Good point!  We might still have issues with some per-CPU kthreads,
but perhaps use of nohz_full would help at least reduce these sorts
of problems.  (There could still be issues on CPUs with more than
one runnable threads.)

I looked at testing limitations in a bit more detail from an RCU
viewpoint, and came up with the following rough rule of thumb (which of
course might or might not survive actual testing experience, but should at
least be a good place to start).  I believe that the sched_setaffinity()
testing rule should be that the SCHED_DEADLINE cycle be no more than
two-thirds of the RCU CPU stall warning timeout, which defaults to 21
seconds in mainline and 60 seconds in many distro kernels.

That is, the SCHED_DEADLINE cycle should never exceed 14 seconds when
testing mainline on the one hand or 40 seconds when testing enterprise
distros on the other.

This assumes quite a bit, though:

o     The system has ample memory to spare, and isn't running a
      callback-hungry workload.  For example, if you "only" have 100MB
      of spare memory and you are also repeatedly and concurrently
      expanding (say) large source trees from tarballs and then deleting
      those source trees, the system might OOM.  The reason OOM might
      happen is that each close() of a file generates an RCU callback,
      and 40 seconds worth of waiting-for-a-grace-period structures
      takes up a surprisingly large amount of memory.

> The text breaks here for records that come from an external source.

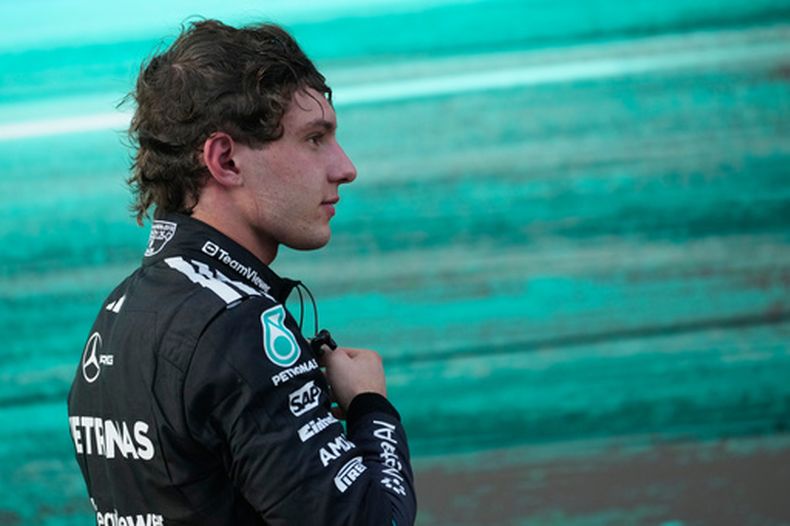 El italiano Kimi Antonelli, de Mercedes, llega a los fosos tras el Gran Premio de Azerbaiyán en Baku, el sábado 26 de septiembre de 2026 (AP Foto/Pavel Bednyakov)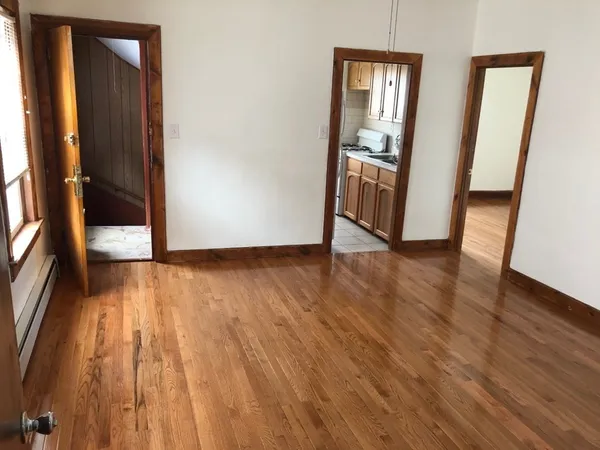 $2,000 | 117 Thomas Street, Unit 2, Fall River, MA 02723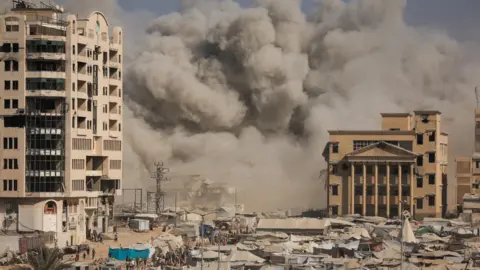 Hamas Engages with US Ceasefire Proposal as Israel Intensifies Offensive in Gaza
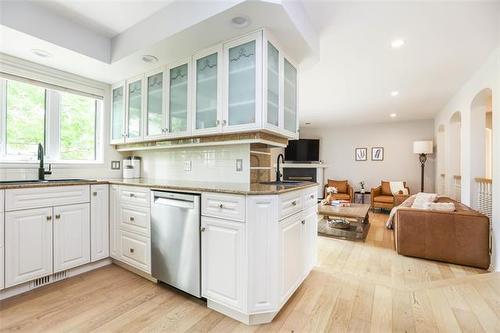 27 Kerslake Pl, Winnipeg, MB 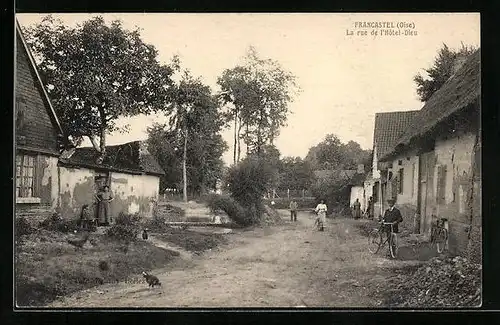 AK Francastel, La rue de l`Hotel-Dieu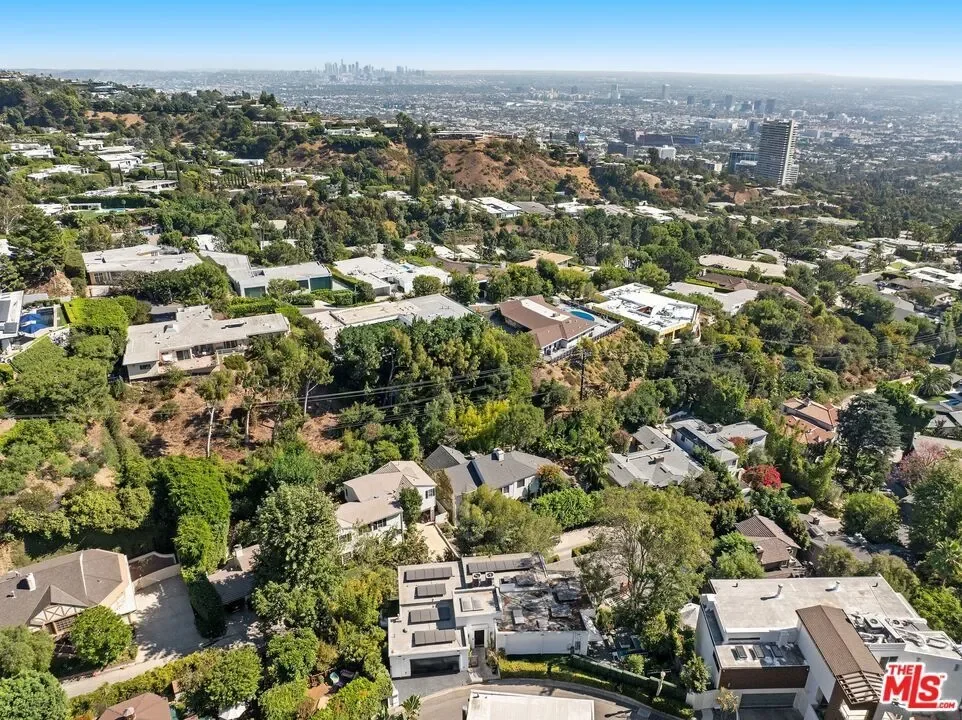 9314 Lloydcrest Drive, Beverly Hills, California, United States. - Photo 13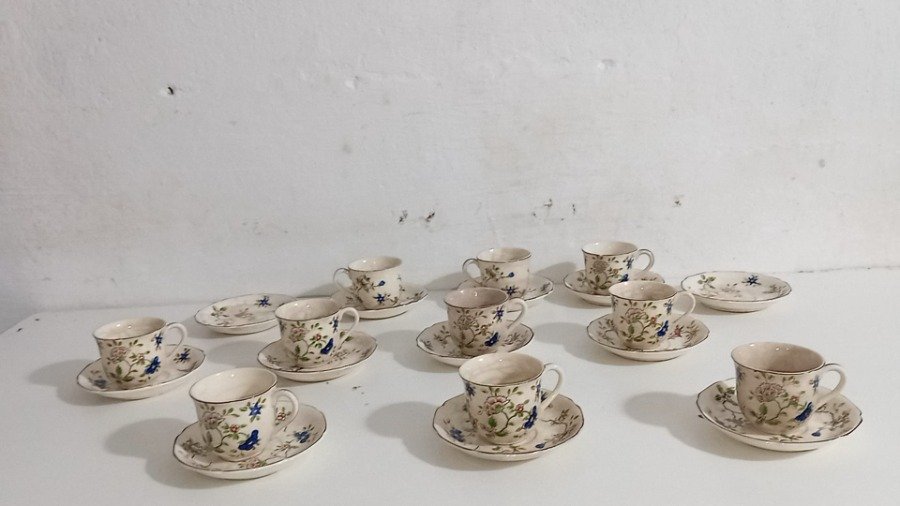 Lote siguiente: Porcelana japonesa decorada con patrones florales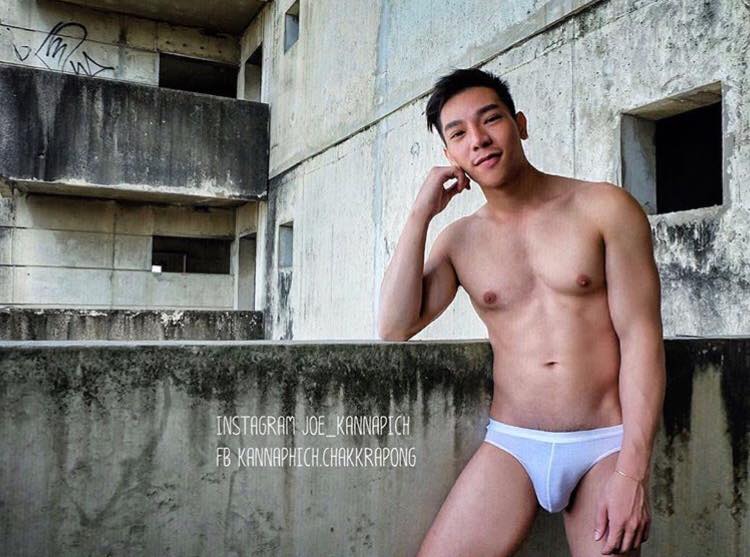 หนุ่มหล่อขึ้นปก 25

      So please be careful when combining tests.  ;-)

o     There are no aggressive real-time workloads on the system.
      The reason for this is that RCU is going to start sending IPIs
      halfway to the RCU CPU stall timeout, and, in certain situations
      on CONFIG_NO_HZ_FULL kernels, much earlier.  (These situations
      constitute abuse of CONFIG_NO_HZ_FULL, but then again carefully
      calibrated abuse is what stress testing is all about.)

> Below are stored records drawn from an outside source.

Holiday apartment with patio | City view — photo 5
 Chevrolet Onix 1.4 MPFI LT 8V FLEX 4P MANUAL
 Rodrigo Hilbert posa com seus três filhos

o     The various RCU kthreads will get a chance to run at least once
      during the SCHED_DEADLINE cycle.  If in real life, they only
      get a chance to run once per two SCHED_DEADLINE cycles, then of
      course the 14 seconds becomes 7 and the 40 seconds becomes 20.

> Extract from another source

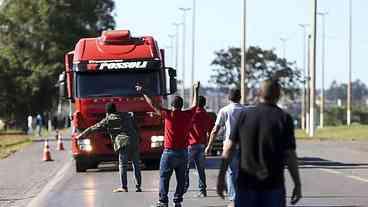 Novo aumento no preço do diesel dispara gatilho para caminhoneiros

And there are configurations and workloads that might require division
by three, so that (assuming one chance to run per cycle), the 14 seconds
becomes about 5 and the 40 seconds becomes about 15.

quoted

o     The current RCU CPU stall warning defaults remain in
      place.  These are set by the CONFIG_RCU_CPU_STALL_TIMEOUT
      Kconfig parameter, which may in turn be overridden by the
      rcupdate.rcu_cpu_stall_timeout kernel boot parameter.

o     The current SCHED_DEADLINE default for providing spare cycles
      for other uses remains in place.

o     Other kthreads might have other constraints, but given that you
      were seeing RCU CPU stall warnings instead of other failures,
      the needs of RCU's kthreads seem to be a good place to start.

Again, the candidate rough rule of thumb is that the the SCHED_DEADLINE
cycle be no more than 14 seconds when testing mainline kernels on the one
hand and 40 seconds when testing enterprise distro kernels on the other.

Dmitry, does that help?

I checked with the people running the Linux Plumbers Conference Scheduler
Microconference, and they said that they would welcome a proposal on
this topic, which I have submitted (please see below).  Would anyone
like to join as co-conspirator?

                                                        Thanx, Paul

------------------------------------------------------------------------

Title: Making SCHED_DEADLINE safe for kernel kthreads

Abstract:

Dmitry Vyukov's testing work identified some (ab)uses of sched_setattr()
that can result in SCHED_DEADLINE tasks starving RCU's kthreads for
extended time periods, not millisecond, not seconds, not minutes, not even
hours, but days. Given that RCU CPU stall warnings are issued whenever
an RCU grace period fails to complete within a few tens of seconds,
the system did not suffer silently. Although one could argue that people
should avoid abusing sched_setattr(), people are human and humans make
mistakes. Responding to simple mistakes with RCU CPU stall warnings is
all well and good, but a more severe case could OOM the system, which
is a particularly unhelpful error message.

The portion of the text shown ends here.